[Task instructions] Reprint the lines below as they are, minus the pictures.

[Dataset content]
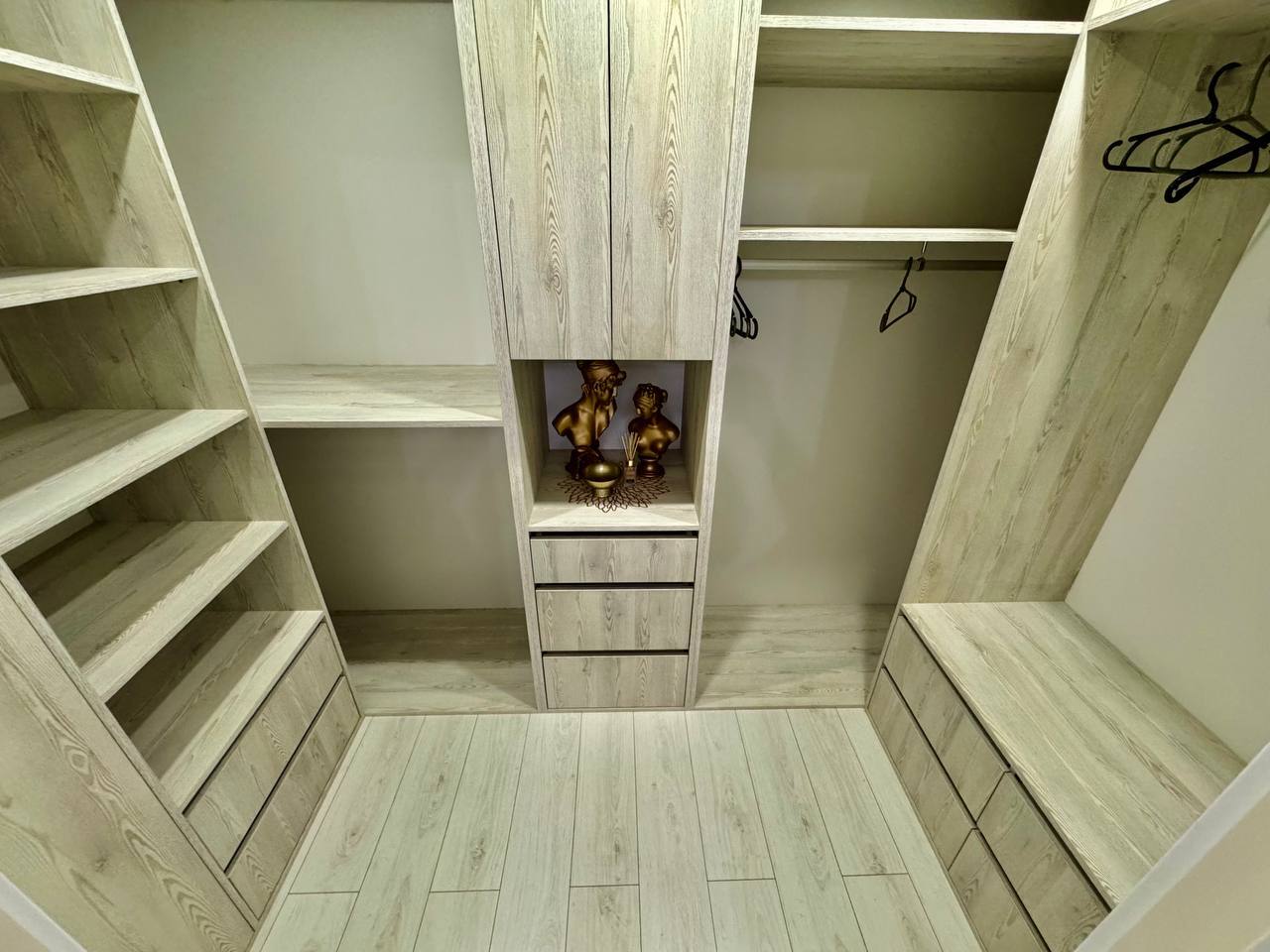 Продаж 2-кімнатної квартири 47 м², Мандриківська вул.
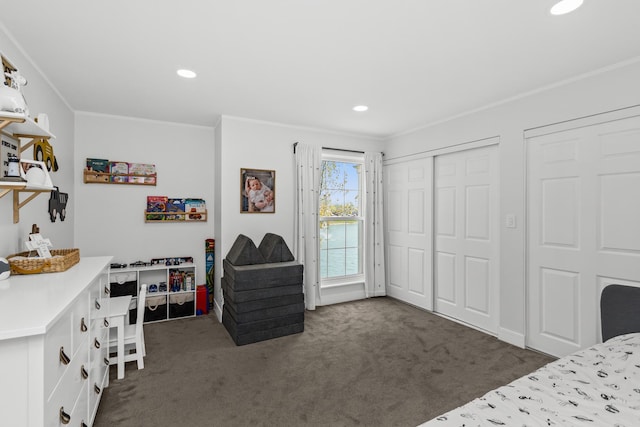 bedroom featuring recessed lighting, ornamental molding, carpet, and a closet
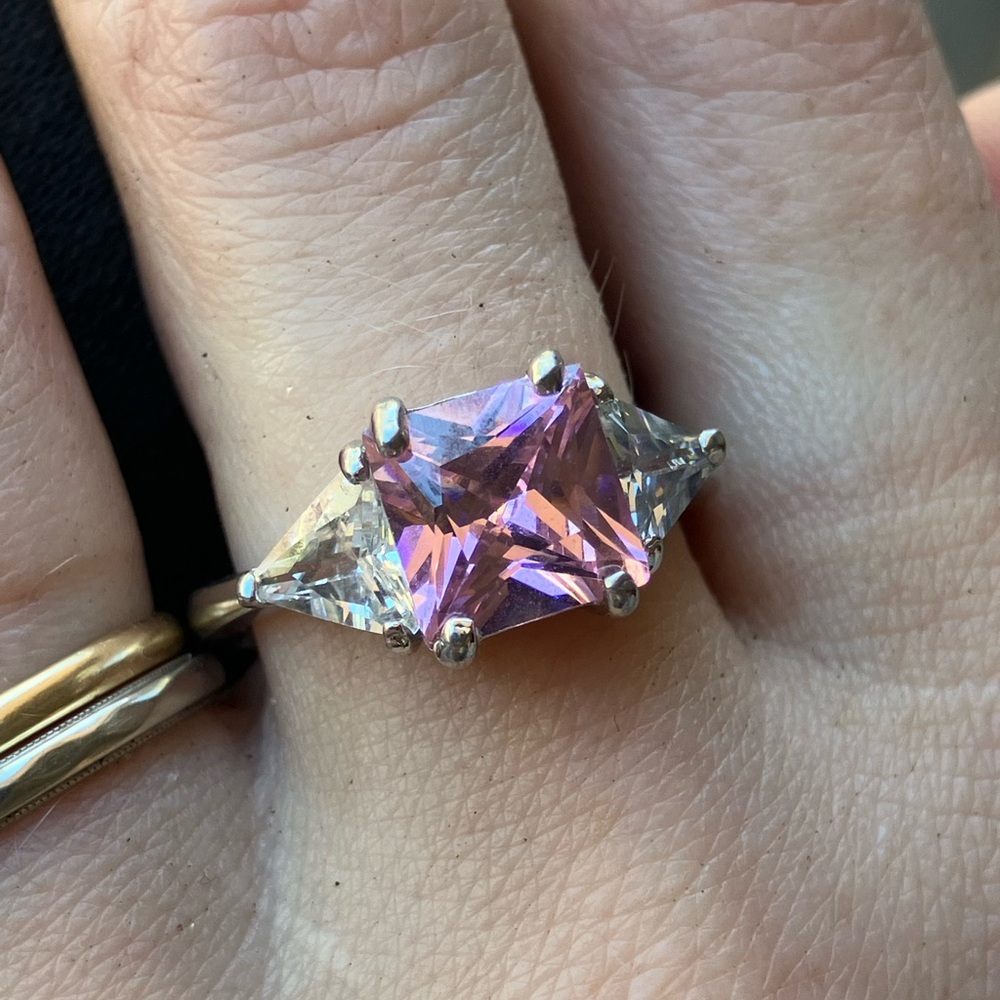 VINTAGE STYLE CUSHION-CUT PINK GLASS STONE OR CUBIC ZIRCONIA size 7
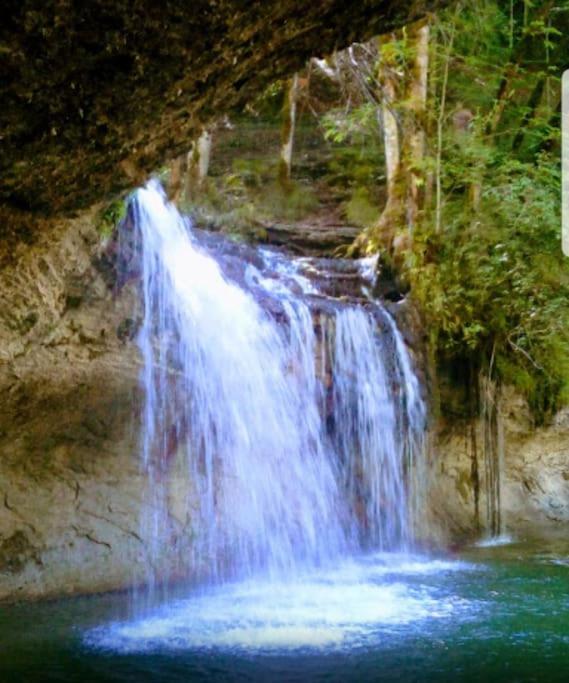 Вилла Gite Jura Mina Chalet Au Milieu De La Nature Ney Экстерьер фото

[Task answer]
 Продаж 2-кімнатної квартири 47 м², Мандриківська вул.
 bedroom featuring recessed lighting, ornamental molding, carpet, and a closet
 VINTAGE STYLE CUSHION-CUT PINK GLASS STONE OR CUBIC ZIRCONIA size 7
 Вилла Gite Jura Mina Chalet Au Milieu De La Nature Ney Экстерьер фото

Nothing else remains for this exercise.